No. CE marking is not recognized by Saudi Arabia as equivalent to SASO certification — they are separate regulatory frameworks. However, CE test reports from ILAC-accredited labs (TÜV, SGS, Bureau Veritas, Intertek) can be used as supporting technical documentation to reduce testing scope in the SASO CoC process, potentially saving 4–8 weeks of additional lab testing. The SASO CoC must still be obtained separately. Similarly, FCC approval (USA) does not substitute for CST type approval. Products with existing CE and FCC documentation from reputable labs are faster and cheaper to certify for Saudi Arabia than products with no prior third-party testing.

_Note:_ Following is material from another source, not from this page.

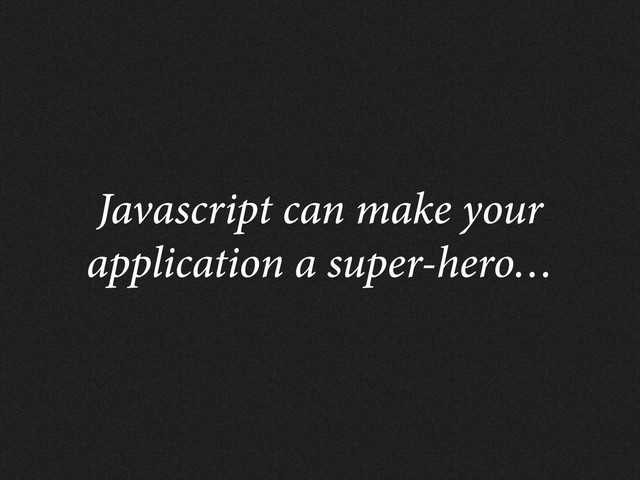 Javascript can make your
application a super-hero…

SASO maintains a list of approved Conformity Assessment Bodies (CABs) on its official website (saso.gov.sa). For smart locks, approved CABs with experience in electronic and wireless products include SGS, Bureau Veritas, Intertek, and TÜV Rheinland — all of which have Saudi Arabia offices or local representatives. When selecting a CAB, verify their approval covers the specific product category (electronic locks, wireless devices) and confirm they can process both SASO CoC and coordinate CST type approval. Trudian works with approved CABs and can provide introduction and documentation support to distributors initiating Saudi Arabia market entry.